Para dar con el niño que protagonizaría esta película realizaron castings durante meses en Benín, hasta que dieron con el pequeño Moustapha Oumarou. “Trabajar con Moustapha ha sido más fácil de lo que yo pensaba, me daba vértigo embarcarme en una película en la que gran parte del peso lo llevaba él, era todo un reto”, afirma Calvo, “yo creo que lo ha sacado con la gorra, tiene algo especial que hace que la cámara le quiera, es una bestia”.

“La película expone las tres realidades diferentes y deja que el público saque conclusiones por él mismo”

Miquel Fernández interpreta a uno de los guardias civiles que se encuentran en la valla de Melilla. “Es la parte menos empática de las tres historias, la más conservadora”, afirma. Para él, “la película expone las tres realidades diferentes y deja que el público saque conclusiones por él mismo”.

“Es una historia con mucha dureza, pero también muy bella”, cuenta Anna Castillo, “a veces viendo este tipo de problemas sociales desde la ficción empatizas más”. Tosar señala que “es importante mostrar esta realidad más allá de los medios, verlo en ficción te coloca de manera más real en el lugar en el que deberíamos estar más a menudo. Las noticias nos insensibilizan, tenemos que ser conscientes de que detrás de esas cifras hay humanos e historias reales.

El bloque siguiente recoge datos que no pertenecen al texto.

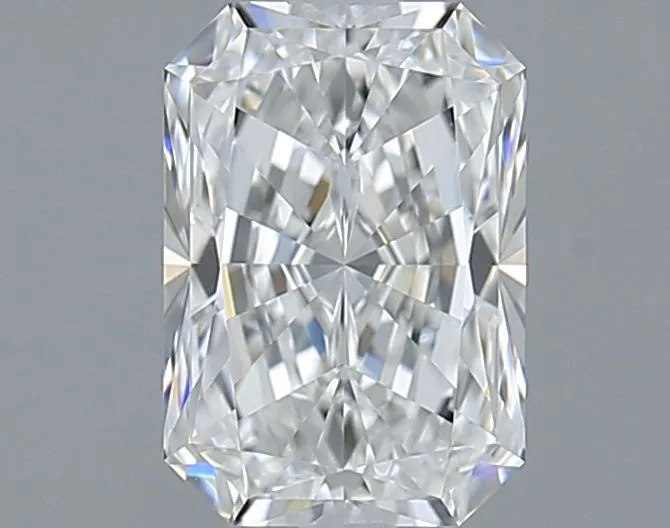 1.00ct RADIANT F VVS2 Natural diamond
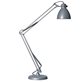 Luxo L-1 Arkitektlampa Alugrå Luxo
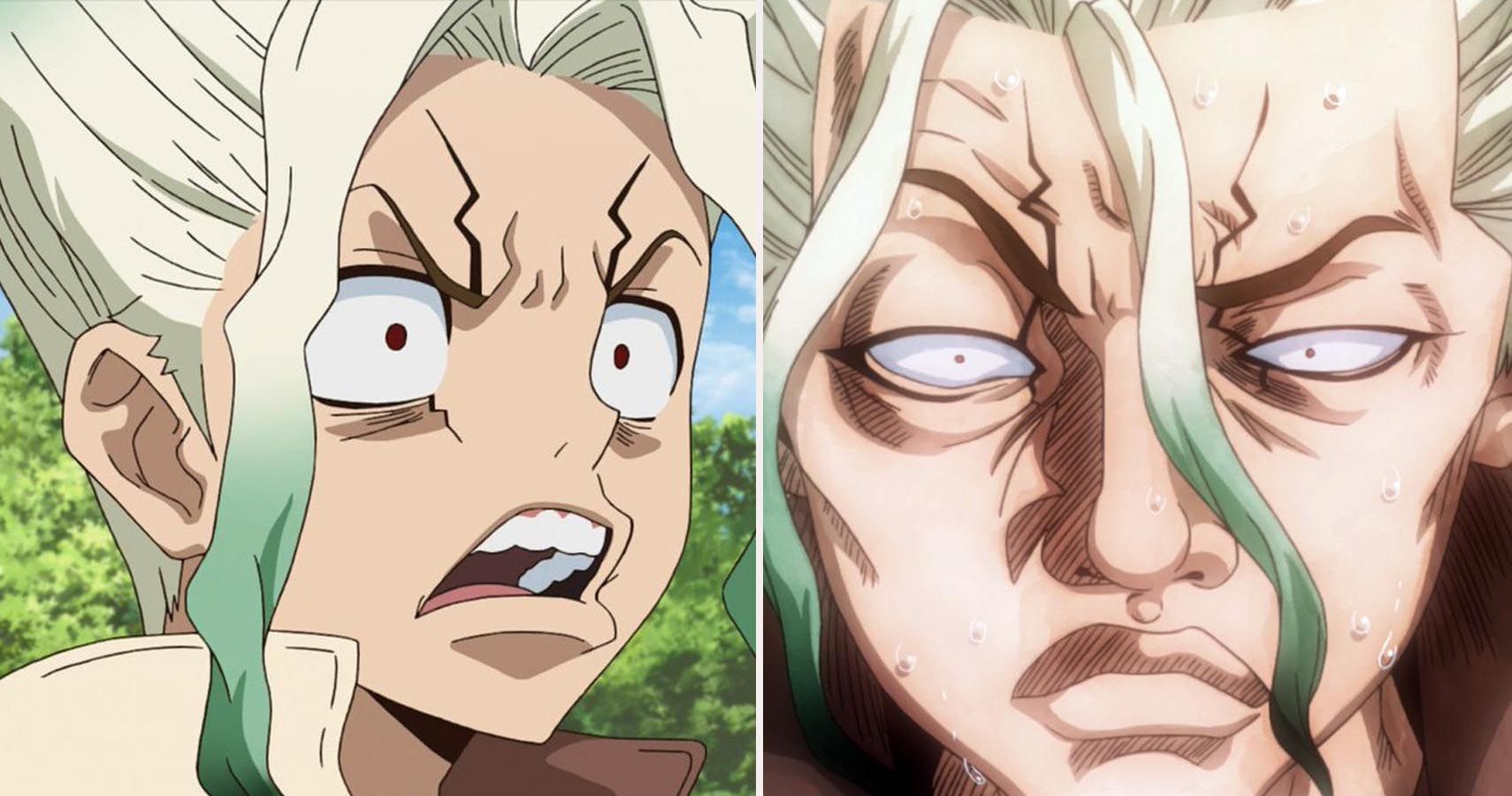 Dr Stone 10 Things You Didnt Know About Senku Ishigami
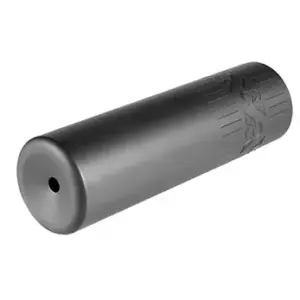 Wilson Combat SPWHISPER556BLK28 Whisper  5.56 Black 1/2"x28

Como padre es duro ver por lo que tienen que pasar niños tan pequeños”.

A pesar de la dureza de la realidad, el director ha querido mostrar también la parte optimista de estas historias: “El pueblo africano es muy alegre, está lleno de vitalidad y energía que se puede respirar en las calles”, cuenta Calvo, “hay una escena en la película en la que, después de un momento crítico, el niño se pone a bailar y cantar celebrando la vida”.

El filme está producido por Telecinco Cinema, desde donde han anunciado que para ayudar a mejorar esta situación se donará parte de la recaudación de la taquilla a la ONG Proyect Ditunga, cuyo proyecto actual consiste en la construcción de un nuevo hospital en el sur de la República Democrática del Congo. Concretamente, se donará un euro de cada entrada vendida online a través de Yelmo Cines, donde estará disponible a partir de este viernes 31 de enero.